November 01, 2006

Eritrea lashes out again at US over Somalia

AFP
November 1, 2006
NAIROBI -- Eritrea on Tuesday renewed its verbal assault on the United States for accusing it of opening a second front in its border dispute with arch-foe Ethiopia in Somalia.
A day after unleashing a blistering barrage of criticism at Ethiopia and the United States for allegedly opposing Somalia's powerful Islamist movement against the country's weak transitional government, Asmara repeated the charge.
In a statement posted on an official website, the Eritrean foreign ministry decried a US warning for Eritrea and Ethiopia not to use Somalia as a proxy battleground.
"The war that ... still continues in Somalia is between the Somali people and the US administration under the guise of 'fighting terrorism' through its mercenary agent, the [Ethiopian] regime, and warlords," it said.

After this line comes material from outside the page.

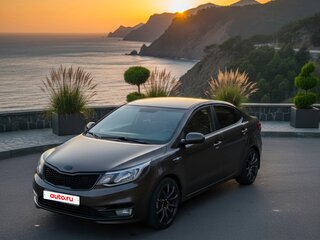2015 Kia Rio III Рестайлинг, коричневый, 915000 рублей, вид 1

"The US administration's continued resort to misleading statements ... obviously raises the question: who is the Bush administration trying to deceive?" the ministry asked in the brief statement.
Somalia's Islamists, some of whom the United States accuses of having ties to Al Qaeda, seized Mogadishu from US-backed warlords in June and now controls most of southern and central Somalia, where it enforces strict Sharia law.

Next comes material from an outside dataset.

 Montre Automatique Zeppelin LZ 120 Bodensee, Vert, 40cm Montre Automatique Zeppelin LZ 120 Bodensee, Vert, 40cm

US ally Ethiopia and Eritrea, which fought a bloody and unresolved 1998-2000 border war, are feared to be using Somalia as another venue for their dispute, in which Asmara accuses Addis Ababa of violating a peace deal.

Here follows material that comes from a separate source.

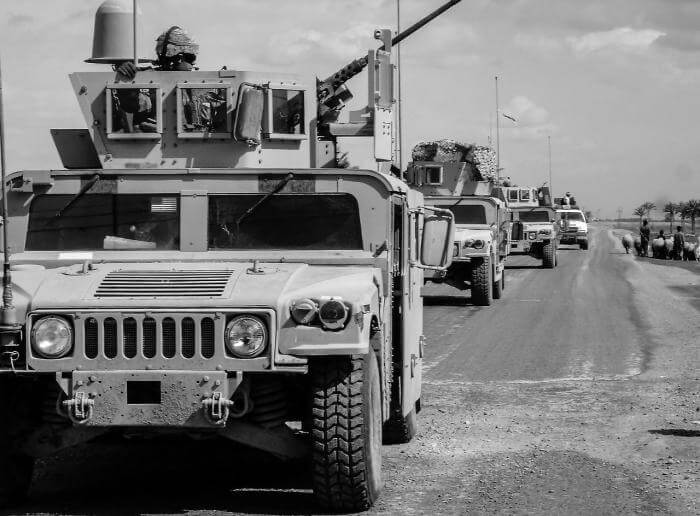 Militärfahrzeug Hummer H1 Humvee Oldtimer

Mainly Christian Ethiopia, which backs the Somali government, denies reports it has sent thousands of troops to Somalia to support the administration but acknowledges sending military advisers to protect it from "jihadists."
Meanwhile, Eritrea is accused by UN monitors of violating a 1992 arms embargo on Somalia by supplying weapons to the Islamists but has denied charges it has some 2,000 troops on Somali territory.
On Monday, amid continuing unsuccessful efforts to bring the Islamists and the Somali transitional government to the table at peace talks in Khartoum, Washington warned Ethiopia and Eritrea not to take their dispute to Somalia.
"We would hope that states not try to use Somalia as a proxy for any of their disputes," State Department spokesman Sean McCormack said. "It would be rather unfortunate for Somalia, as well as other countries in the region."
Shortly before he spoke, the Eritrean foreign ministry issued a statement accusing Ethiopian Prime Minister Meles Zenawi of being a US stooge in a war against the Islamists and warned he was "playing with fire."
Soaring tensions between Somalia's government and the Islamist have sparked fears of an all-out war that could engulf the Horn of Africa region in conflict.